◆ YOUR OBJECTIVE
Could you restate word for word every line from the one containing "adidas WMNS SL" to the end of the records, and nothing else?
[[ THE DATA open ]]
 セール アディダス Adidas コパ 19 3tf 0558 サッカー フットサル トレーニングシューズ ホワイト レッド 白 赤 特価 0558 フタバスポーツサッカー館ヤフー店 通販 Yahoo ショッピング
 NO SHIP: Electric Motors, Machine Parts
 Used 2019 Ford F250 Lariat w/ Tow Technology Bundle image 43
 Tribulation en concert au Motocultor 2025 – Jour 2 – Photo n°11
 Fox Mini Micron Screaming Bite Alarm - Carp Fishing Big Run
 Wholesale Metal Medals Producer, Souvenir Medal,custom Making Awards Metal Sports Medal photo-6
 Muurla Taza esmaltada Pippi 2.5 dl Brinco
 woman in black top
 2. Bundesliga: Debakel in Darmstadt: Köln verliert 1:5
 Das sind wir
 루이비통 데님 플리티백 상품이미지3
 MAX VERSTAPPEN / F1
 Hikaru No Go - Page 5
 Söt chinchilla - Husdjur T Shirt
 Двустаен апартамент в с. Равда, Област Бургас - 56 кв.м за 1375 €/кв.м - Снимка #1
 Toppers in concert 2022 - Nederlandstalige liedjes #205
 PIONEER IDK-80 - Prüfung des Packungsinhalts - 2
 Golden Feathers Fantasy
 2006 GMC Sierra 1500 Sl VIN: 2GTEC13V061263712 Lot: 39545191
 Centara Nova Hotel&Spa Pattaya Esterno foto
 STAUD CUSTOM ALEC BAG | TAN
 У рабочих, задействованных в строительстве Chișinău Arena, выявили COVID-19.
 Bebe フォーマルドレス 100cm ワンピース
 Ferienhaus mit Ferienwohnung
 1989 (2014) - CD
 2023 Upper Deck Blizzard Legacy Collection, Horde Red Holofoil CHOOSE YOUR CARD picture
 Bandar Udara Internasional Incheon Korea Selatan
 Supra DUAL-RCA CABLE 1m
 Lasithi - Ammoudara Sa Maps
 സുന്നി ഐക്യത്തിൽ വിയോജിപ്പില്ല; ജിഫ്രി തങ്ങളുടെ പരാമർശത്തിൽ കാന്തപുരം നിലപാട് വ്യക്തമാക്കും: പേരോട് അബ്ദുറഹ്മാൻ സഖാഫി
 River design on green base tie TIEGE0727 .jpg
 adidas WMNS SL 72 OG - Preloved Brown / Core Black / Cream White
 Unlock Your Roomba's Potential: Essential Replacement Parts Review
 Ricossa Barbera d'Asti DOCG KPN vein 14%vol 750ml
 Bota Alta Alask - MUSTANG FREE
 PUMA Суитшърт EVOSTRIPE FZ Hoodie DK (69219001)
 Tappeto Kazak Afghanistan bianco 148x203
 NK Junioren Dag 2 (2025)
[[ THE DATA closed ]]
◆ RESULT FOR THIS TASK
 adidas WMNS SL 72 OG - Preloved Brown / Core Black / Cream White
 Unlock Your Roomba's Potential: Essential Replacement Parts Review
 Ricossa Barbera d'Asti DOCG KPN vein 14%vol 750ml
 Bota Alta Alask - MUSTANG FREE
 PUMA Суитшърт EVOSTRIPE FZ Hoodie DK (69219001)
 Tappeto Kazak Afghanistan bianco 148x203
 NK Junioren Dag 2 (2025)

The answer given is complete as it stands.